---------- Entries supplied
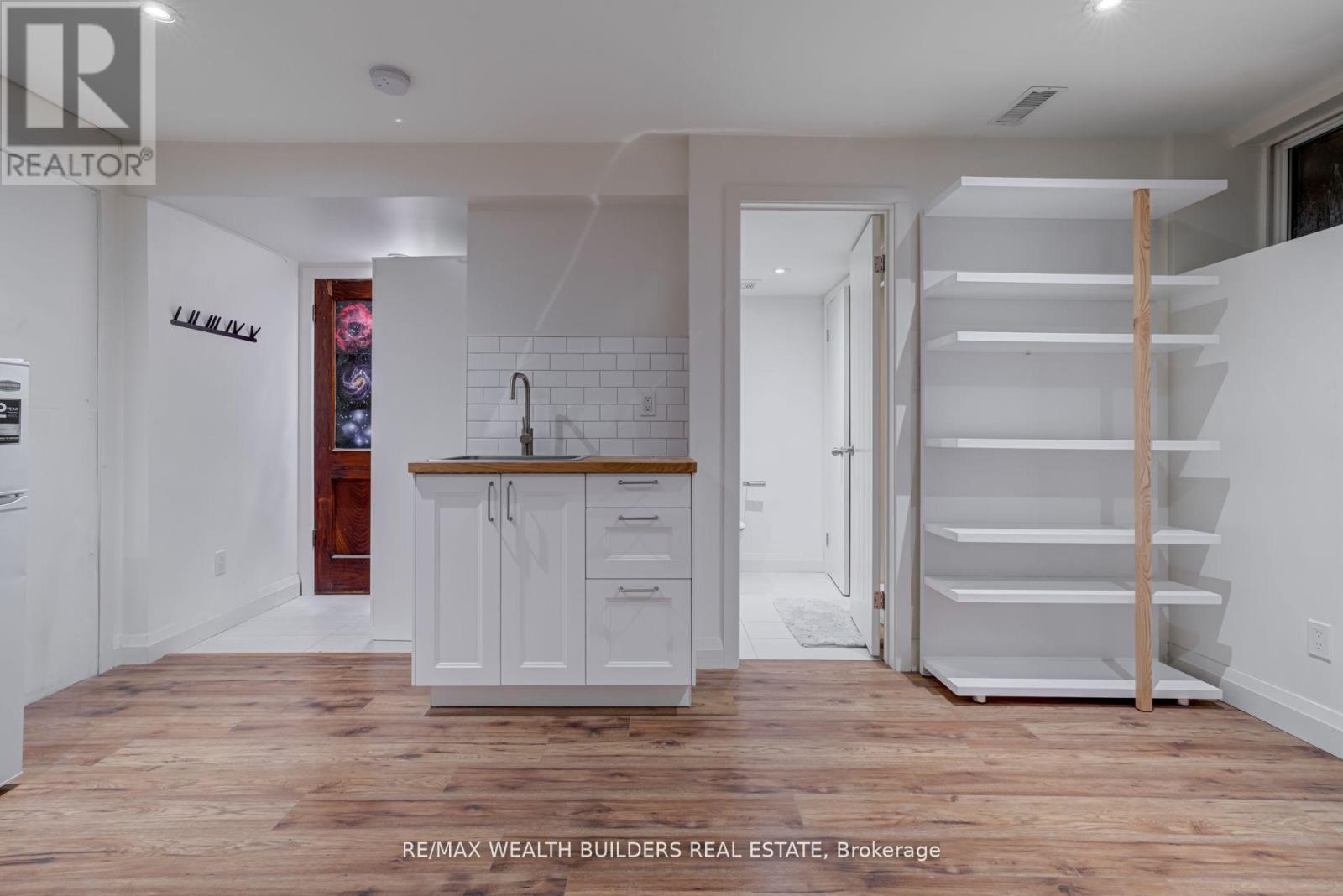 Lower - 172 Indian Road Crescent, Toronto, Ontario  M6P 2G3 - Photo 6 - W12758076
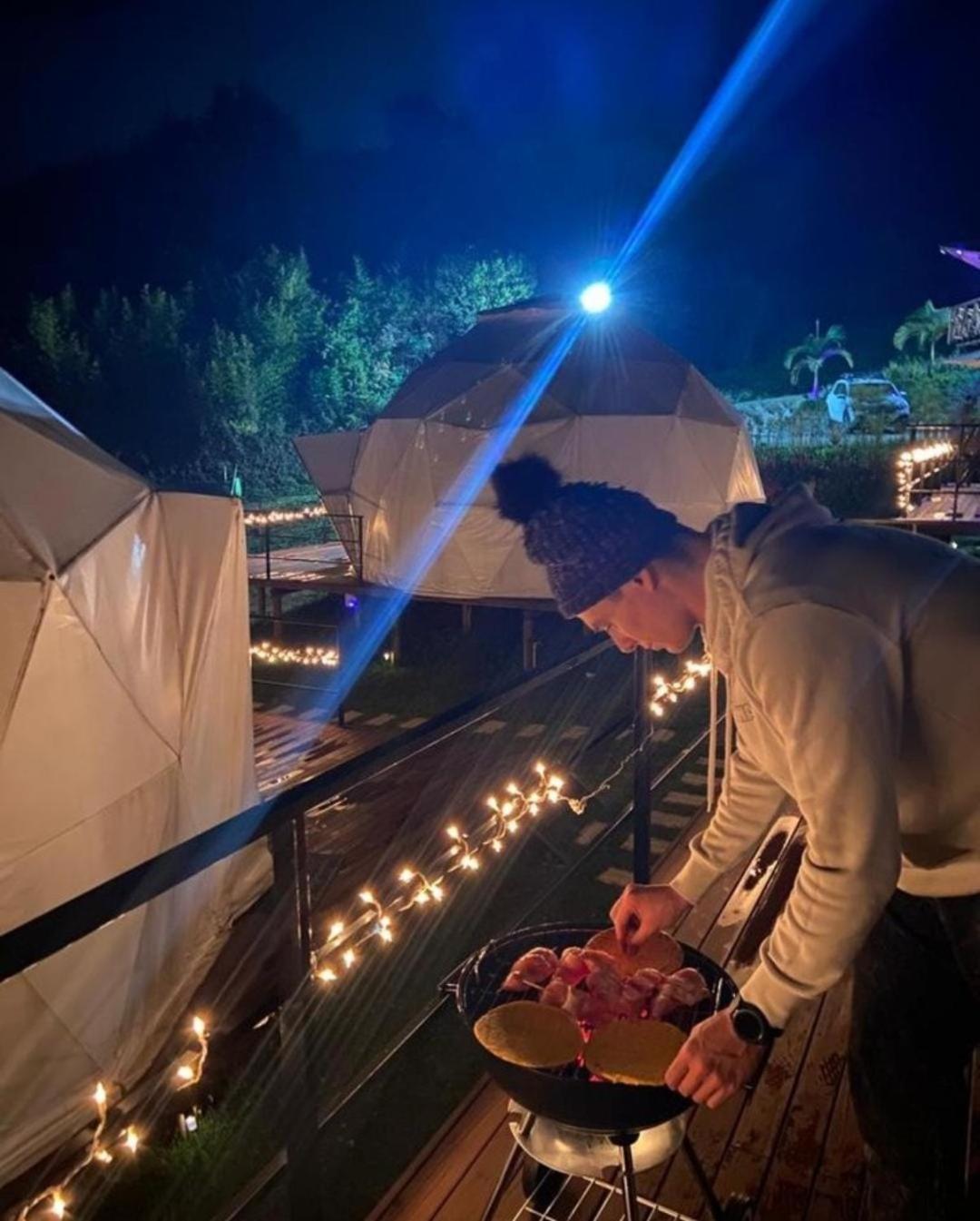 Campo de lujo La Quinta Dimensión Glamping
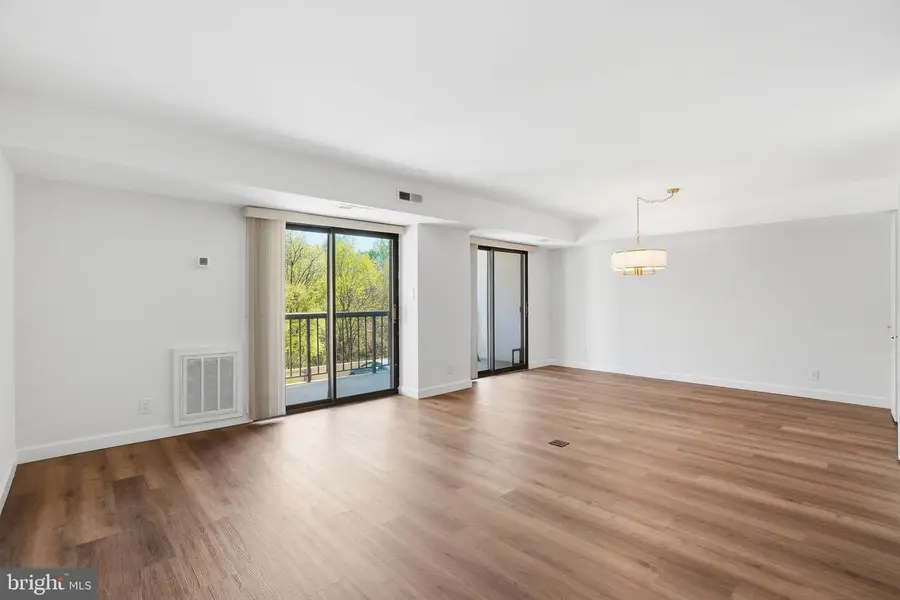 3800 Powell Ln #311, Falls Church, VA 22041 - #2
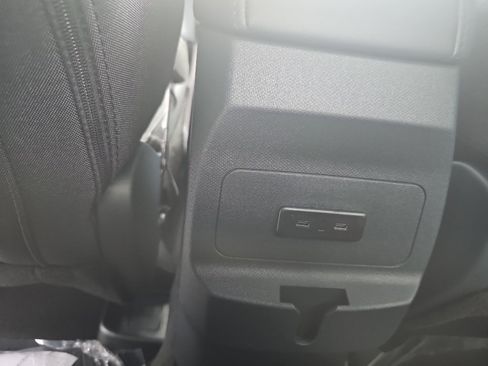 New 2025 Ford Maverick XL image 47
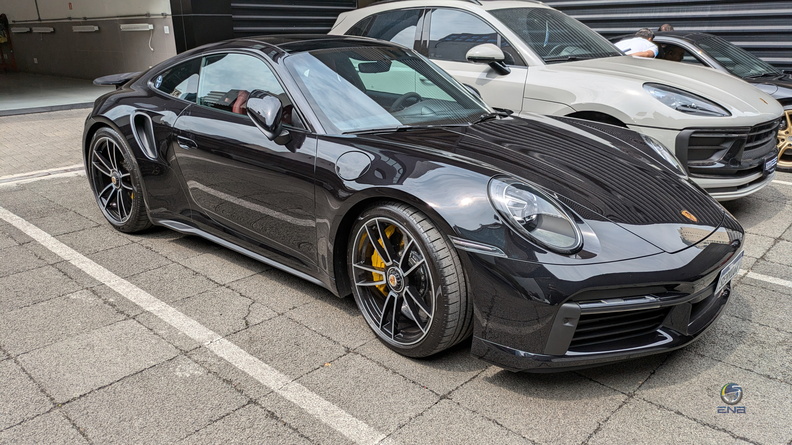 Porsche 992 Turbo S - sem Sport Exhaust (1).jpg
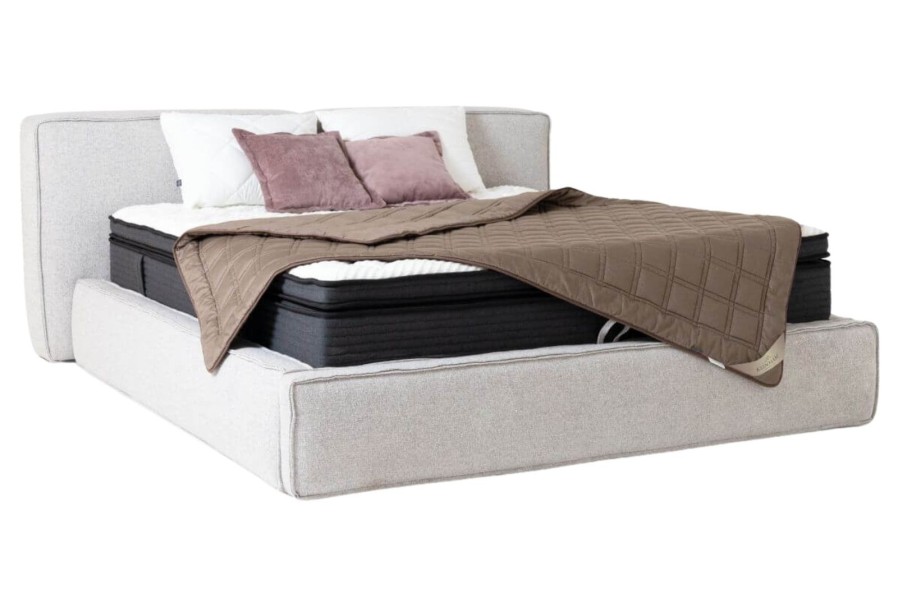 Minimalistická posteľ Luna vás očarí svojím jednoduchým dizajnom delených a pohodlných čalúnených vankúšov.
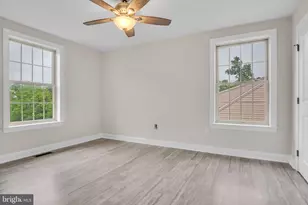 24 Crest View, Carlisle, PA 17013 - Photo 16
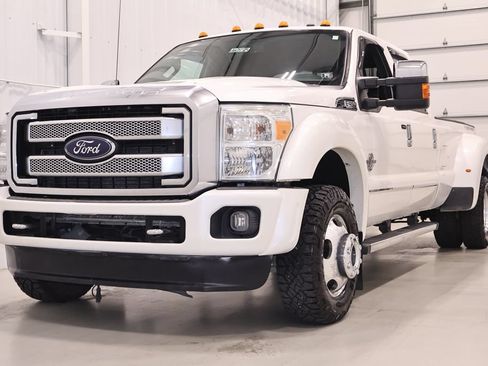 Used 2014 Ford F450 Platinum w/ Platinum Package AWD/4WD image 5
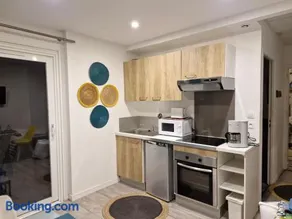 appartement cosy dans résidence avec piscine proche de la plage - Image 1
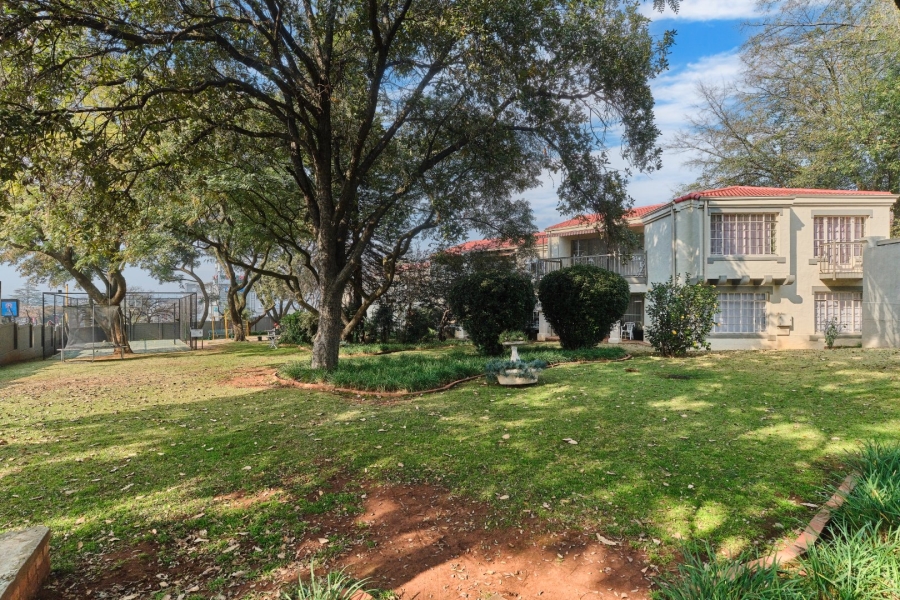 2 Bedroom Property for Sale in Bryanston Gauteng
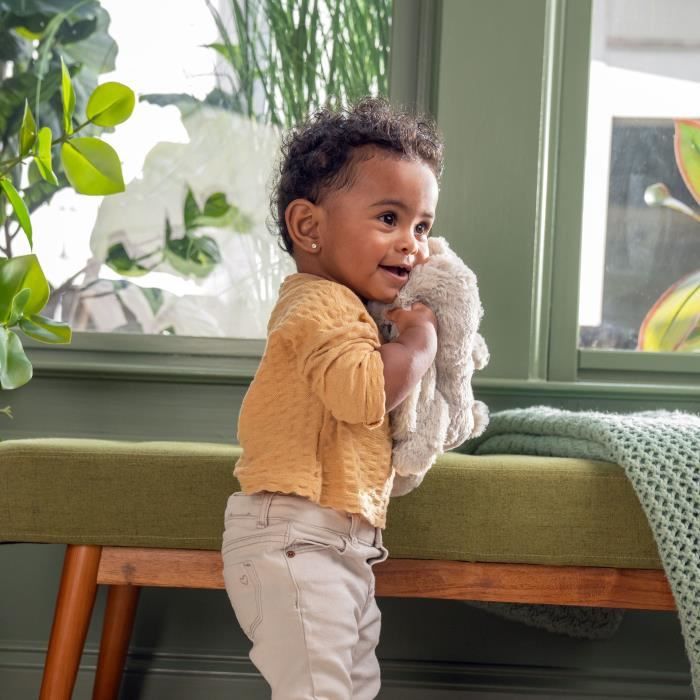 INGENUITY Veilleuse bébé, Doudou lapin, cadeau Noël, peluche Sylvie, réponds au pleurs de bébé, musicale, lumineux, attache tétine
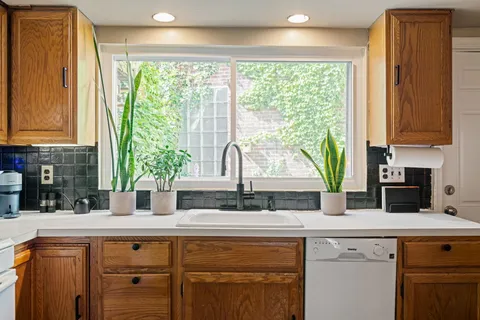 $380,000 | 142 Carpenter Street, Philadelphia, PA 19147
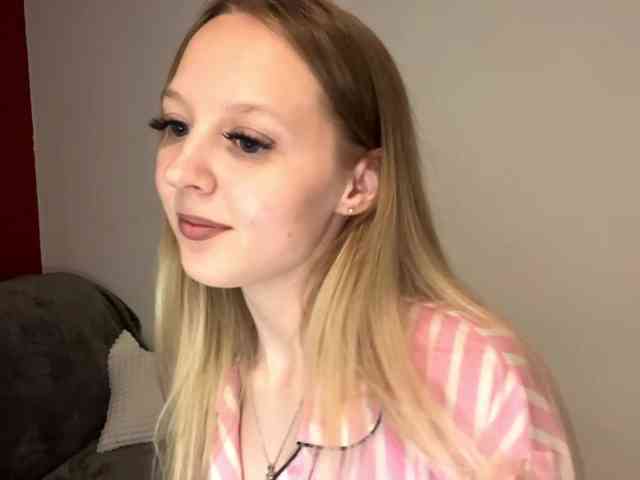 QueenieGroos webcam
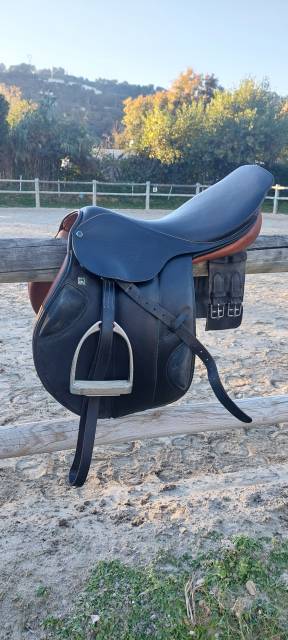 Sella da salto ostacoli Stubben Cavaleria rc 18" - 1996
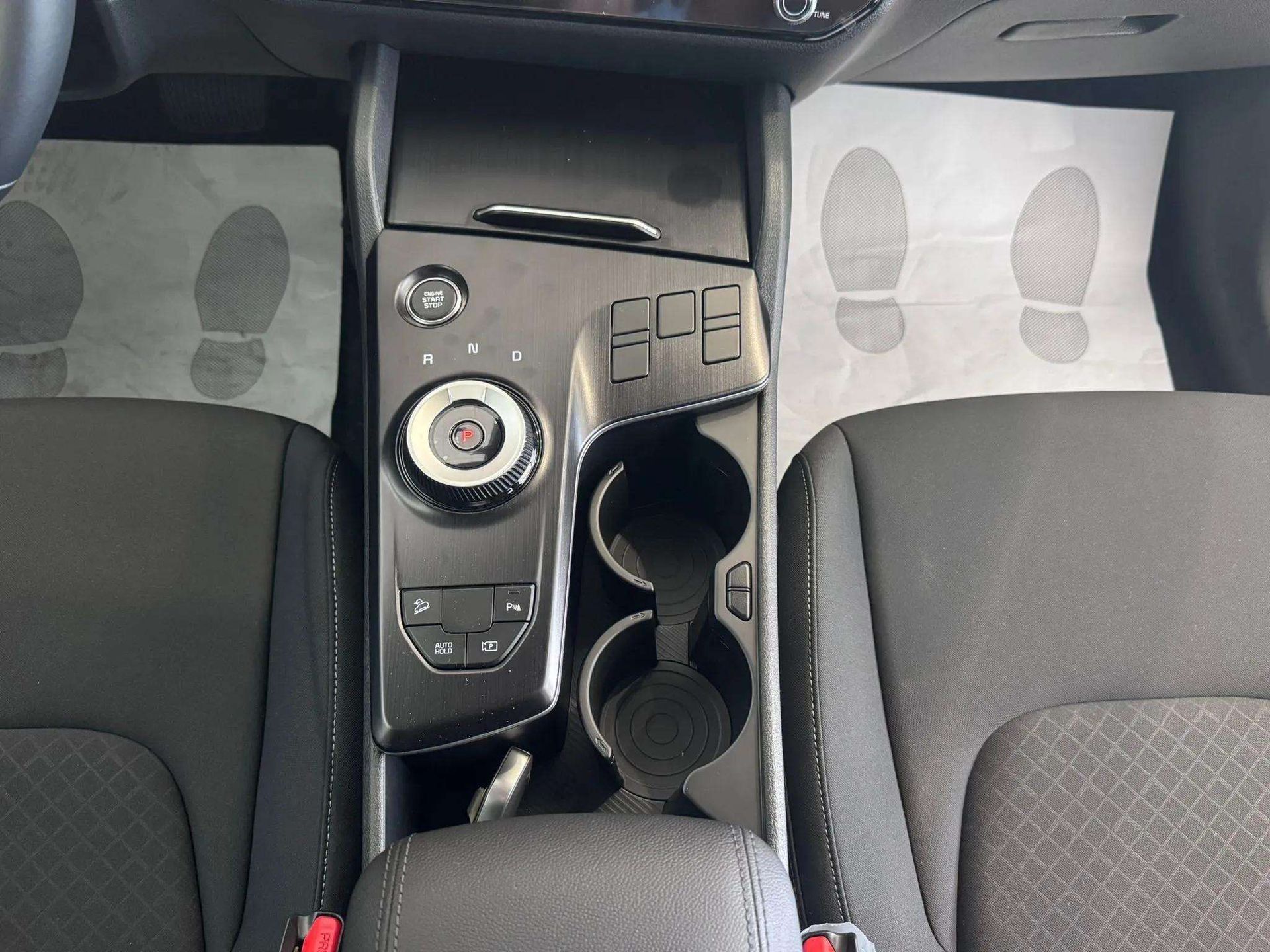 Kia Sportage 1.6 T-GDi HEV Concept 4x2 176 KW (239 CV)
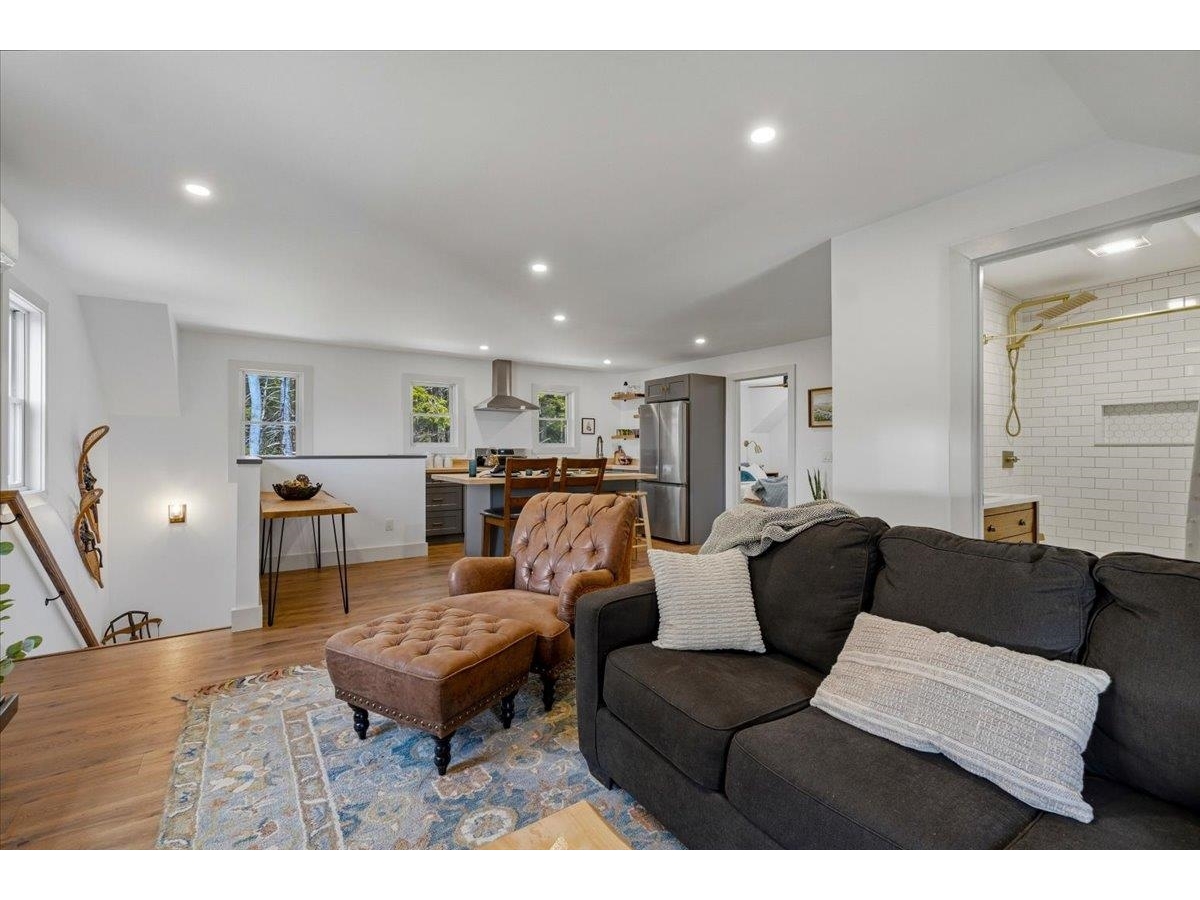 545 Stagecoach Lane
--------------------
| The problem |
Print the lines from the beginning of the records up to and including the line containing "INGENUITY Veilleuse bébé, Doudou", word for word, with no pictures.

| Solution below |
 Lower - 172 Indian Road Crescent, Toronto, Ontario  M6P 2G3 - Photo 6 - W12758076
 Campo de lujo La Quinta Dimensión Glamping
 3800 Powell Ln #311, Falls Church, VA 22041 - #2
 New 2025 Ford Maverick XL image 47
 Porsche 992 Turbo S - sem Sport Exhaust (1).jpg
 Minimalistická posteľ Luna vás očarí svojím jednoduchým dizajnom delených a pohodlných čalúnených vankúšov.
 24 Crest View, Carlisle, PA 17013 - Photo 16
 Used 2014 Ford F450 Platinum w/ Platinum Package AWD/4WD image 5
 appartement cosy dans résidence avec piscine proche de la plage - Image 1
 2 Bedroom Property for Sale in Bryanston Gauteng
 INGENUITY Veilleuse bébé, Doudou lapin, cadeau Noël, peluche Sylvie, réponds au pleurs de bébé, musicale, lumineux, attache tétine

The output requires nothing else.